Yesterday the server went offline again, but this time I can’t turn it back on. On all power supplies, all upper LEDs are solid green and all lower LEDs are blinking orange. Also, the codes “pd” and “4b” are displayed alternately on the segment display. There are no error messages in the logs. After a power reset, access to the BMC was lost both through the web interface and through the IPMI.
Has anyone faced such a problem?
@cepra.x you should open a case on the enterprise support https://nvid.nvidia.com, and let them know the about the “pd/4b” code. They will help you resolve the issue.

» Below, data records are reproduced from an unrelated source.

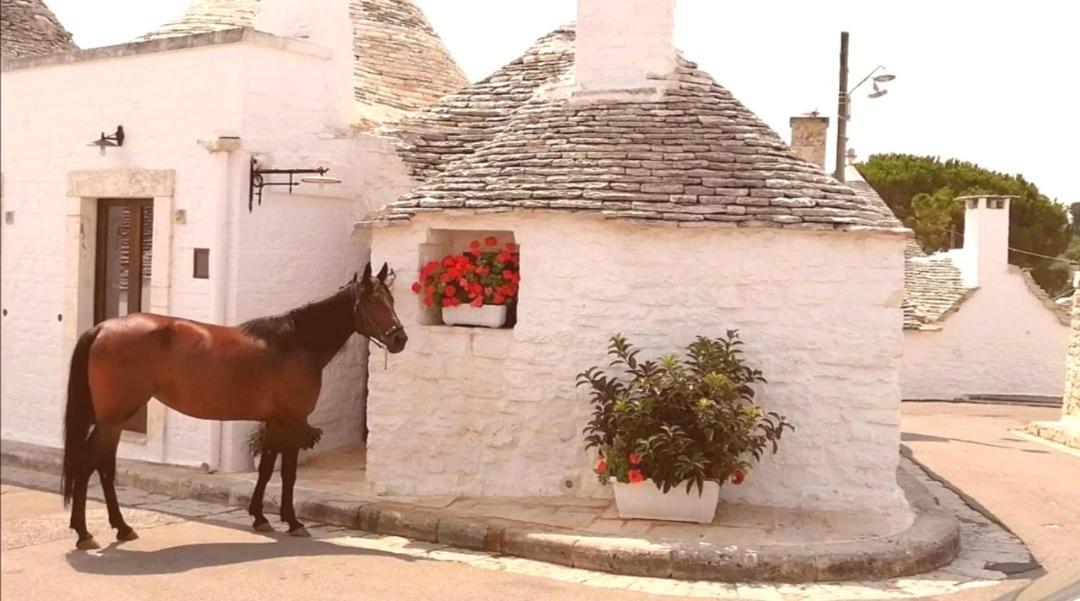 Trulli Resort Dimore Storiche Alberobello Bagian luar foto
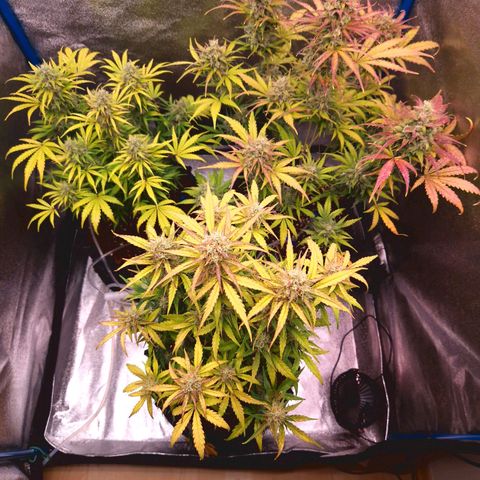 Wedding Cake 🍰 growlog timeline photo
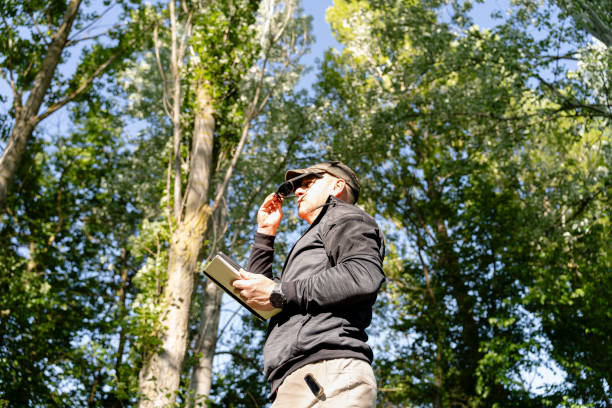 istock An environmental technician observes the trees with a digital device in his hands. 2183105287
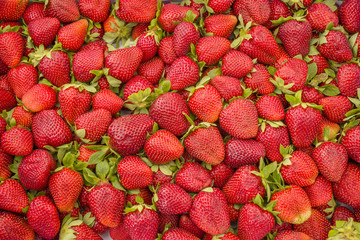 Fresh strawberries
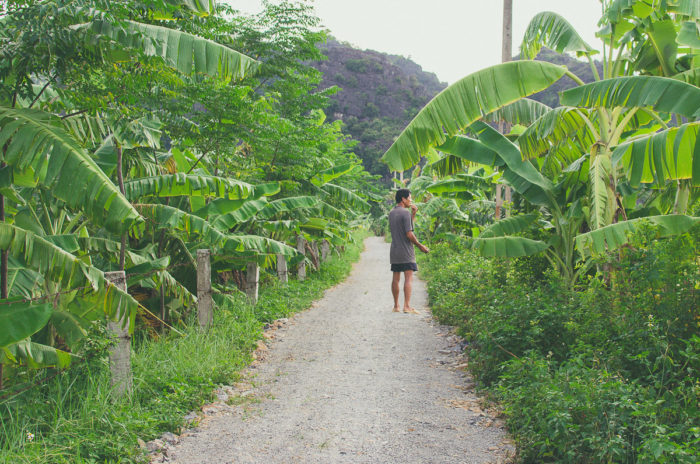 men walking in the banana trees at sundawn in ninh binh paradise Vietnam taken by Milie Del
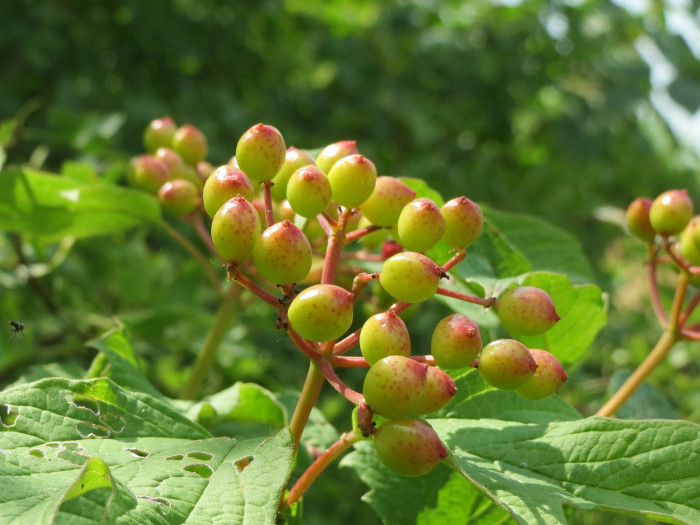백당나무 - Viburnum opulus L. var. calvescens (Rehder) H. Hara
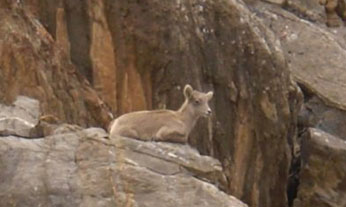 White Mountain lamb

Thanks @ilb. I’ll write a request to the enterprise support.
Does anyone know if there is a description of the codes on the segment display somewhere? I think that such information would be useful not only to me.
FWW. I had two cases, one with half 7s (only top portion of the led), which ended up being a GPU tray failure, and Pd/4A + alternating Pu/4A, Pu/4B, which ended up being a MB tray failure.
In both cases the Enterprise Support was super helpful. The replacement part was shipped to my location and a local CE came on-site to do the actual replacement. All I had to do was ship back (pre-payed) the faulty part. The issues were resolved very fast, i.e. the affected system was down for just a couple of days.
Thanks a lot, @ilb. I hope that the enterprise support will quickly solve the problem with my system as well.